What all these interpretations, and most of the theological ones such as "disobedience" miss in the story of the Fall is the result: that now Adam and Eve know good and evil. There's even a hint in the word "know" of deciding or determining good and evil. But that's the issue: it isn't simply the disobedience over munching a piece of fruit, but it is the knowing of things that are the provenance of the divine: what good and evil is. This definition fits well the growth of humanity whether we apply it to society, to children becoming adults or what have you: moving from childhood to adulthood comes with knowing what is good and evil, right and wrong and being responsible for those choices; moving from hunter-gatherer to agrarian societies was also attended with increased control from the top of society in the form of law--which as Paul points out teaches us what is good and evil. In asking any question about the Bible and science though one can only note the irony that the Bible made modern science possible--regardless of whether one looks for reconciliation between the myth and the science--one might argue that such is the result of knowing good and evil. Further, while the Bible makes modern science possible and in fact informed early science to a gread deal, the child has replaced the parent--not only in proving that much of what was taken as "true" in the Bible isn't, but in that our new priesthood wears white lab coats; rather than training in the Bible and skills and arts that are focused ultimately on getting one closer to the divine, our education system now is largely concerned with making certain students achieve high science and math scores on standardized tests.

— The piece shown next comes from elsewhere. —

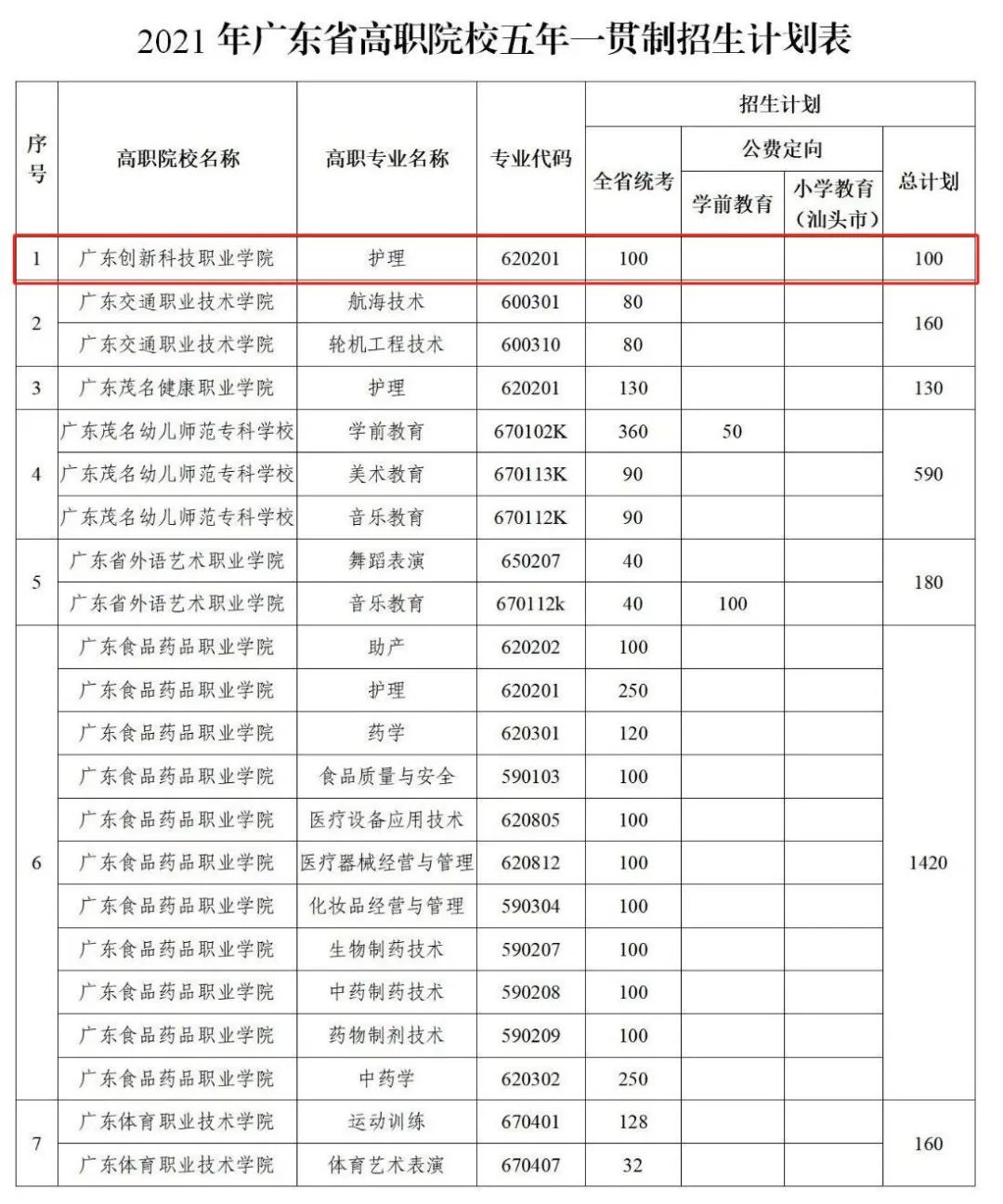 廣東創(chuàng)新科技職業(yè)學(xué)院2021年高職院校五年一貫制單獨(dú)招生考試招生簡(jiǎn)章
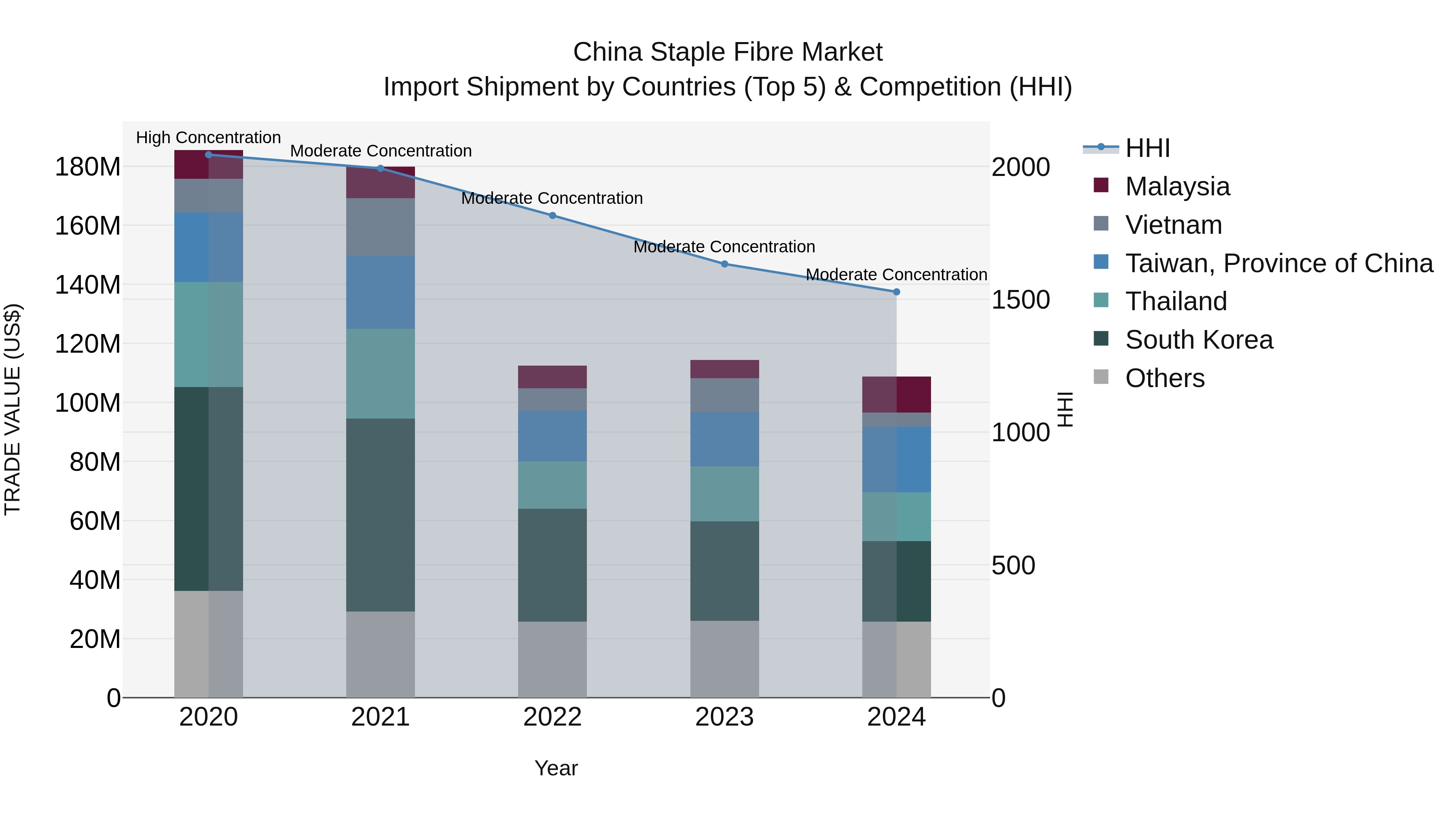 China Staple Fibre Market Top 5 Importing Countries and Market Competition (HHI) Analysis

I like the irony.

And speaking of Paul, discussion of Paul on the Synoptic-L list has turned slightly to noting that we really only have Paul's word for what he says about Peter and earliest Christianity. It's an interesting discussion especially when one realizes that so much of the modern historiography of the earliest strata of Christianity depend directly on reading that episode and what it might mean against a larger canvass. But we do only have one side, and the question is how historically accurate is that presentation and how much weight can be placed upon it? Unanswerable question on the basis of the evidence we have. But a good question and issue to keep in mind when doing early Christian history.